Kalau memperhatikan analisis
singkat konsep tersebut di atas dan kita bawa pada kasus yang diajukan pada
pertanyaan tersebut, maka untuk menjawabnya perlu didukung data hasil survey, sekalipun dengan metode/instrument yang paling sederhana, yaitu obeservasi.
Mari kita coba membuktikan hallo effect hasil observasi, contoh sederhana di lingkungan kita masih dijumpai bekas
kaki sepatu dan corat coret yang nempel pada dinding, puntung rokok dibuang
berserakan di mana-mana, meludah dan membuang sampah disembarang tempat tidak
menjadi beban, buang air kecil/besar tidak disentor, berpakaian untuk mengejar
mode dan kurang pantas disebut cendekiawan, belajar atau mengajar sambil
merokok (termasuk ditempat umum) dengan alasan pikiran tidak cair atau tidak mood atau tidak gaul, tatap muka dalam proses belajar dan mengajar kurang penting, yang
penting absen, kurang tanggap pada layanan publik atau prima, padahal jelas
sudah terpasang (3-S) Senyum, Salam, Sapa, dan hasilnya kita dapat justifikasi,
misalkan itu adalah ulah mahasiswa atau dosen dan karyawan, maka rebble hypothesis sudah menjawab iya,
padahal belum sampai ranah pembuktian ilmiah, dan bukan hanya fakta tetapi data.
Jadi yang hilangnya jati diri
lebih banyak dipengaruhi oleh implementasi standar Etika yang mampu membedakan
yang Salah dan Benar, dengan Filosofis (Cinta pada kebijaksanaan).
Sekarang mari kita uji yang
paling sederhana ada pepatah “Guru kencing berdiri, maka murid kencing berlari”.
Jadi dengan kasus dan data ini maka halo
effect bukan saja ada pada Mahasiswa, tetapi penyebar virus arrogant, apatic lebih besar dipengaruhi
oleh perilaku dan sikap dosen, dengan kata lain hilangnya jati diri mahasiswa,
dipengaruhi oleh hilangnya jati diri dosen serta karyawan, bahkan lebih dari
itu dosenlah yang kehilangan jati diri terlebih dahulu atau dosenlah yang menghilangkan
jati diri mahasiswanya, naudubilahimindalik.

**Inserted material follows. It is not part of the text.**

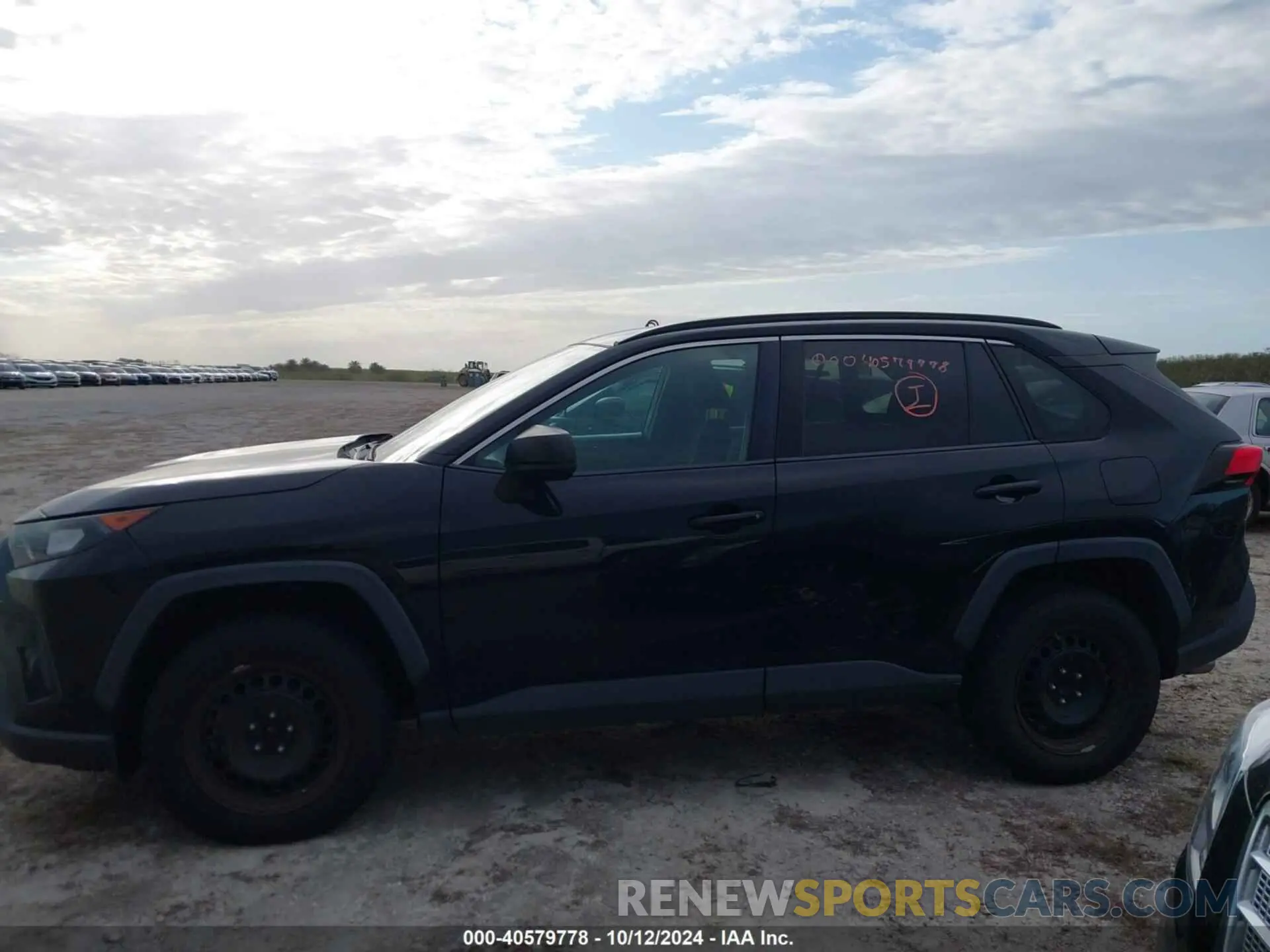 15 Photograph of a damaged car 2T3H1RFV1KW004385 TOYOTA RAV4 2019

Maaf ya jangan ada yang tersinggung
karena bukan maksud menyinggung, dan jangan tertawa karena bukan lelucon, dan
jangan sakit hati karena ini bukan olokkan. Mari kita masing-masing
instruspeksi diri dan kembali kepada
komitmen kita, sebagai masyarakat ilmiah (dosen, Mahasiswa dan Tenaga
Kependidikan), dengan Ibu Asuh yang bijaksana yaitu Almamater, pada visi
Kerakyatan dan Kompeten. Amin. Marhaban Ya Ramadhan. Selamat Menjalankan Ibadah
Puasa Ramadhan, Sugeng Rusmiwari, Malang, 30 Sya’ban 1435, bertepatan dengan 28
Juni 2014.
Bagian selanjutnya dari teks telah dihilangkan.